In a classic application of bottom-up management denizens of small towns let their elected representatives in Washington D.C. know exactly how they expected them to handle the compromised immigration compromise bill that neither secured our borders, nor was any more enforceable than previous legislation it was meant to “fix.”
Earlier waves of immigrants – legal and illegal – flocked to CA, , FL, IL, NJ, NY and TX (”gateway” states) but have been dispersing across a wider swath of the U.S. since 2000. The foreign-born, non-English speaking populations of DE, GA, IN, NE, NV and SC have exploded, say demographers, with the “newcomers” (as President Bush is wont to call them) preferentially settling in (some say, overrunning) small towns and sleepy suburbs. And people who live in these places saying, “enough!”
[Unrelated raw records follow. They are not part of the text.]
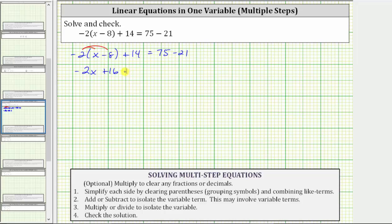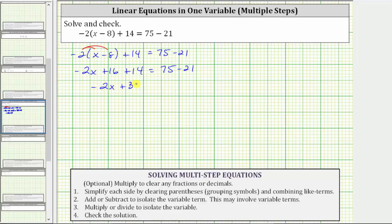And we still have plus 14 equals 75 minus 21. We are still simplifying both sides of the equation. The next step is to combine like terms. On the left, 16 plus 14 is 30, so the left side simplifies to negative two x plus 30. On the right, 75 minus 21 equals 54.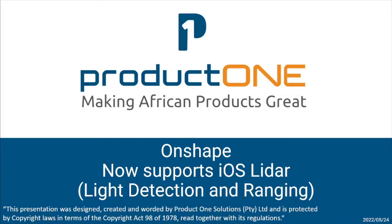Today we will be looking at one of the latest features which have been added to Onshape. Onshape now supports LiDAR which can directly be imported from your mobile device.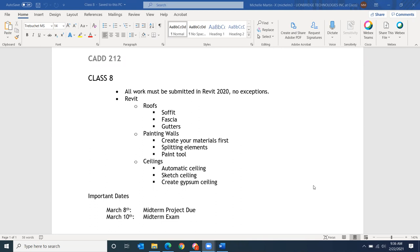On March 8th, the midterm project will be due no later than noon, so you can continue working on it or turn it in early. If you turn it in early, I'd suggest showing up for the beginning of class where we'll be reviewing for the midterm exam, and then you can drop. Or just watch the recording later for the review. It is important to watch that so you know what's going on in the exam.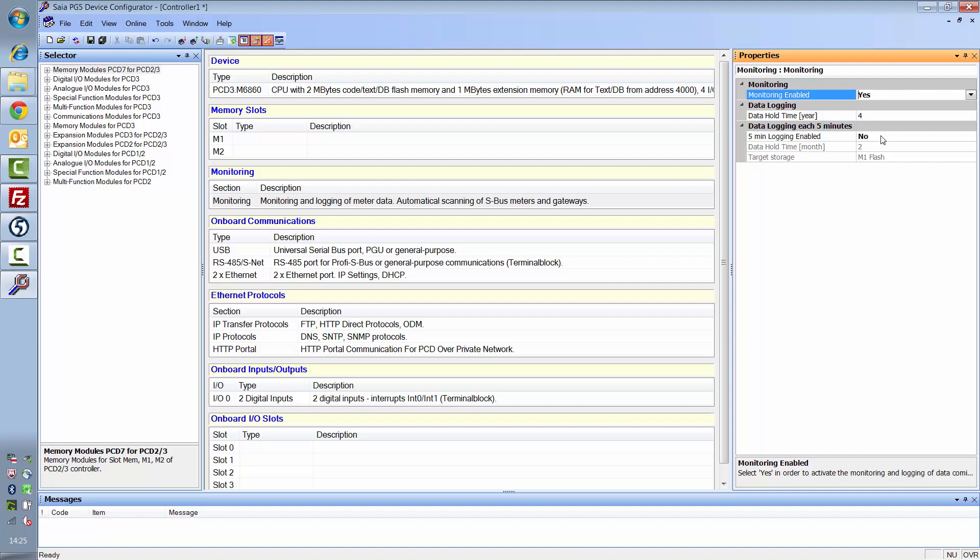Additionally, you can log the data at shorter intervals. Do so by activating 5-minute logging.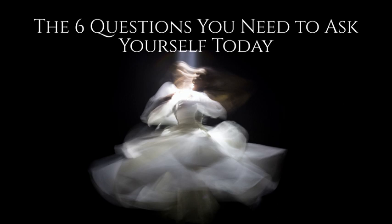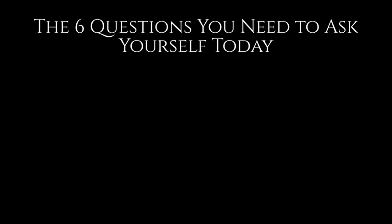These six questions were: Who am I? Why am I here? What do I want? Why do I want it? How will I get what I want? And what must I overcome to get what I want?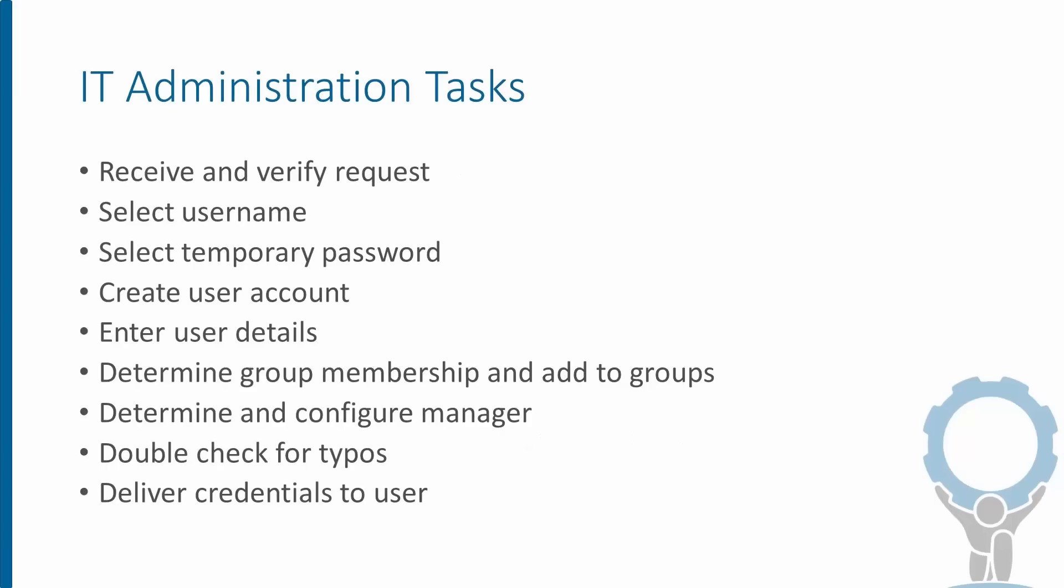Here are some common administration tasks that we'll look at in this example related to onboarding. First, we receive and verify a request, often in the form of a file. We pick out a username that follows the corporate convention and is unique. We select a temporary password.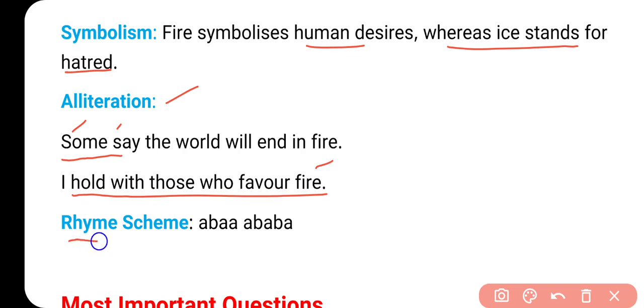Rhyming scheme की बात की जाए - तो first stanza में A, B, A, A rhyming scheme का use किया गया, second stanza में A, B, A, B, A rhyming scheme का use किया गया. यहाँ पे आपको देखना है कि sound कौन सी रहती है - first, second, first, third और fourth में same sound है तो उसको हम 'A' से denote करेंगे, जो second line है उसमें अलग sound है तो उसको 'B' से denote करेंगे. Second stanza में A, B, A, B, A यह rhyming scheme रहेगी.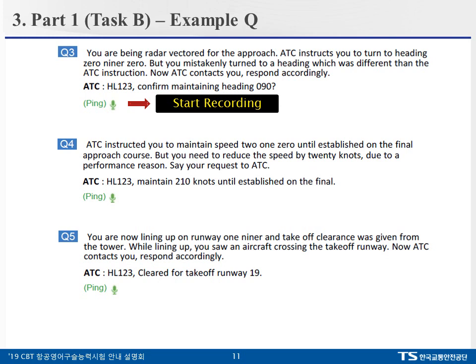I'll give you 10 seconds to read question number 3. Okay, time's up. How can we respond appropriately? One ideal response would be: 'Negative, we're not heading 090. Sorry, our mistake. Should I turn to heading 090 now?' On the other hand, the following response would not be acceptable: 'Affirm, heading 090.' The point is, again — listen to the instruction thoroughly in order to respond appropriately.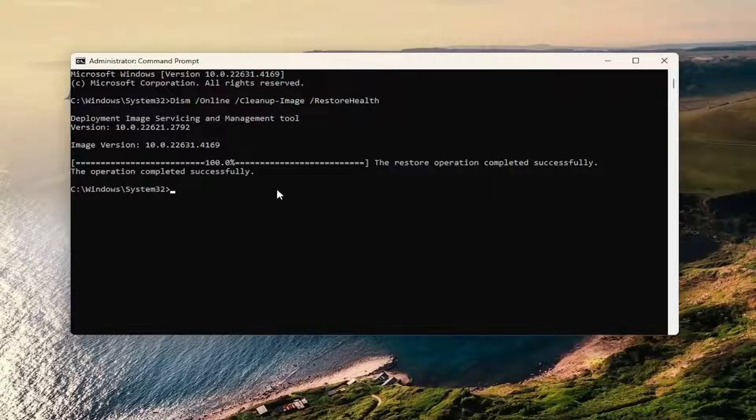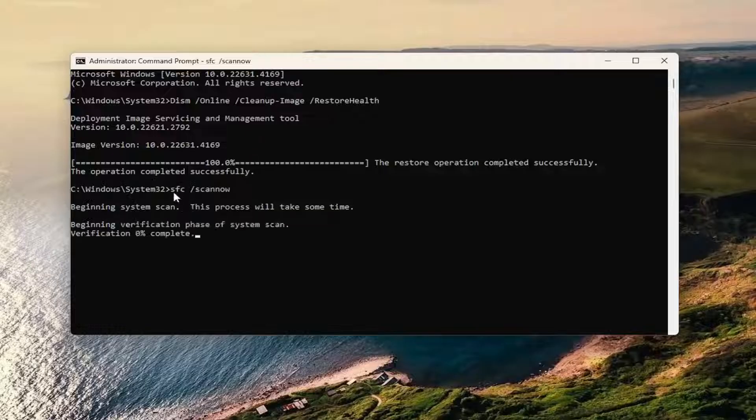Once that's done, go ahead and paste the second command. This is the System File Checker utility scan.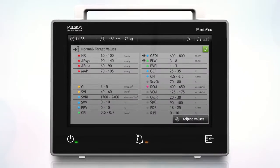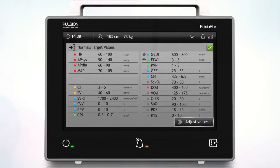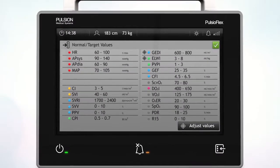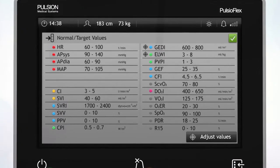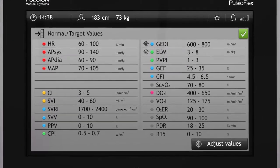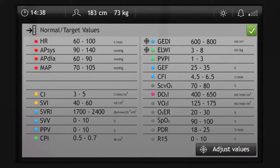Adjust Values opens the adjustment screen. If changes are made to a normal value, a target symbol appears next to the respective parameter.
Here’s what Stephanie Usrey, 39, a stay-at-home mother who lives in Gainesville, GA, tellsThe Washington Post about the “aha” moment she had at a local Wal-Mart about five years ago:
“That was the first time I looked around and said, ‘Man, I didn’t realize how many Mexicans there were here.’ And they don’t seem to feel any discomfort when they’re, like, six inches from your face and talking to each other in their language, either. I just felt very encroached upon. . . . It was like an instant feeling of ‘I’m in the minority, and if we don’t get control over this, pretty soon all of America will be outnumbered.’”
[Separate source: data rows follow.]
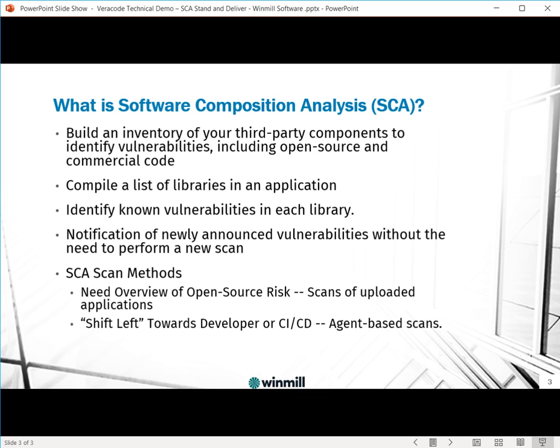With Veracode SCA, you will also receive notification of any newly announced vulnerabilities without the need to perform a new scan.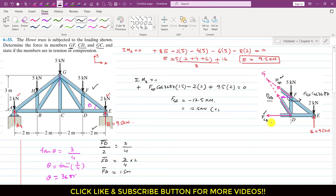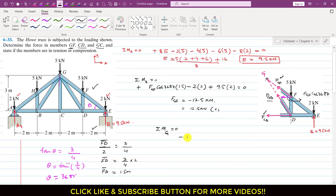Next we find the FCD member force. Applying ΣM_G = 0, since the line of action of FGF and FGC both pass through point G, they drop out of the equation, leaving only FCD. FCD produces a clockwise moment about G, so we write −FCD×3 (the moment arm being the length of GC = 3 m).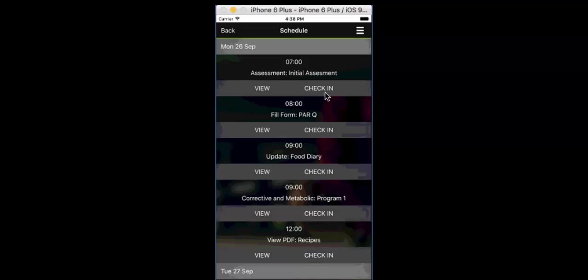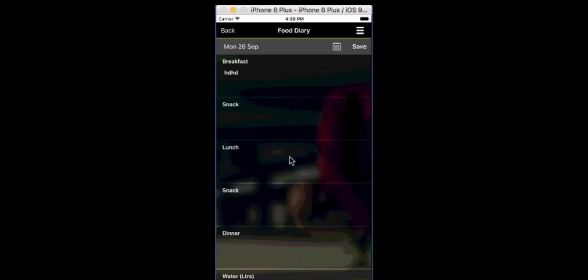They can check in to say that they've done it or they can view it. Now inside the apps at the moment anything from coaching and from programs can be viewed and used and results recorded inside the apps. They might want to update their food diary in which case they'll click on view. It goes straight into the food diary and once again it'll go straight into the correct date for them. So they just come in and fill in anything they want to do for their meals for the day and their snacks for the day.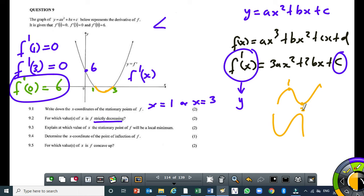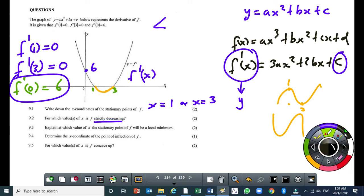The interval where the function is decreasing is from x equals 1 to x equals 3. To the left of x equals 1, the derivative is positive. From x equals 3 going right, the y-values of the derivative are again positive. So the answer for 9.2 is: 1 less than x less than 3.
Spurred into activism by talk-radio Usrey and tens of thousands others like her in small towns all across the U.S. “bombarded their senators with phone calls and e-mails decrying the bill as an unacceptable amnesty for the nation’s estimated 12 million illegal immigrants,” says the WaPo. And they didn’t let up till they got results:
Nowhere were the bill’s opponents more influential than here in Georgia, whose two Republican senators, Johnny Isakson and Saxby Chambliss, originally helped craft the legislation. Two days after its unveiling in May, Chambliss was booed at his state’s Republican convention. Isakson’s office received more than 21,000 calls from opponents of the bill, compared with 6,000 from supporters.
[B]oth Georgia senators voted to kill the bill they once supported.
Another example of bottom-up management: With the federal government unable or unwilling to enforce existing immigration laws, small town governments, like Hazelton, PA, and Framers Branch, TX, took matters into their own hands by enacting local ordinances against businesses that hire illegal labor. And some local enforcement officials have decided to, well, enforce immigration law.
Panama City, FL, Sheriff Frank McKeithen, for one, has been targeting construction sites, and has arrested more than 500 illegal aliens and reported them to immigration officials since November. The Miami Heraldreports:
The sheriff’s department has developed a remarkably effective - and controversial - way of catching illegal immigrants: Deputies in patrol cars pull up to a construction site in force, and watch and see who runs.
Those who take off are chased down and arrested on charges such as trespassing, for cutting through someone else’s property, or loitering, for hiding out in someone’s yard, or reckless driving, for speeding off in a car.
U.S. immigration authorities are then given the names of those believed to be in this country illegally.
Immigrant advocates say the technique is repugnant, and the ACLU says its constitutionality is questionable. …
The sheriff said the raids are justified under a long-standing Florida law prohibiting employers from knowingly hiring illegal immigrants.
Such local initiatives are not going unnoticed by state legislatures, which are now going even further in attempting to curb illegal immigration, according to The WaPo:
By the time most legislatures adjourned in May, at least 1,100 immigration bills had been submitted by lawmakers, more than double last year’s record total, according to the National Conference of State Legislatures. This year’s total is expected to grow as the issue continues to dominate debate in statehouses still in session.
These laws limit illegal immigrants’ ability to obtain jobs, find housing, get driver’s licenses and receive many government services. They also empower state law enforcement agencies to inquire into an immigrant’s legal status and hold for deportation those deemed to be here illegally. The idea is to make life so difficult for illegal immigrants that they will leave the state — if not the country. …
At least 18 states have enacted laws concerning illegal immigrants. Most of the legislation is seen as punitive, and it reflects legislators’ anger at the federal government’s inability to seal the southern border and at provisions in the Senate bill that would allow the 12 million illegal immigrants already here a path to citizenship. …
[M]any states are increasingly frustrated at having to provide expensive services for illegal immigrants.
In a repudiation of the “sanctuary city” trend, local police in OK now train with federal authorities to learn how to find and capture illegal immigrants, and AZ is considering allowing officers to ask people they arrest whether they are U.S. citizens and to seize them if they don’t have valid documents to prove it.
OK also bars illegal immigrants from receiving public assistance, VA approved a proposal to withhold state and local funding from any non-profit group that uses the money to provide services to illegal immigrants and MA rejected a proposal that would have allowed illegal immigrants to pay in-state college tuition.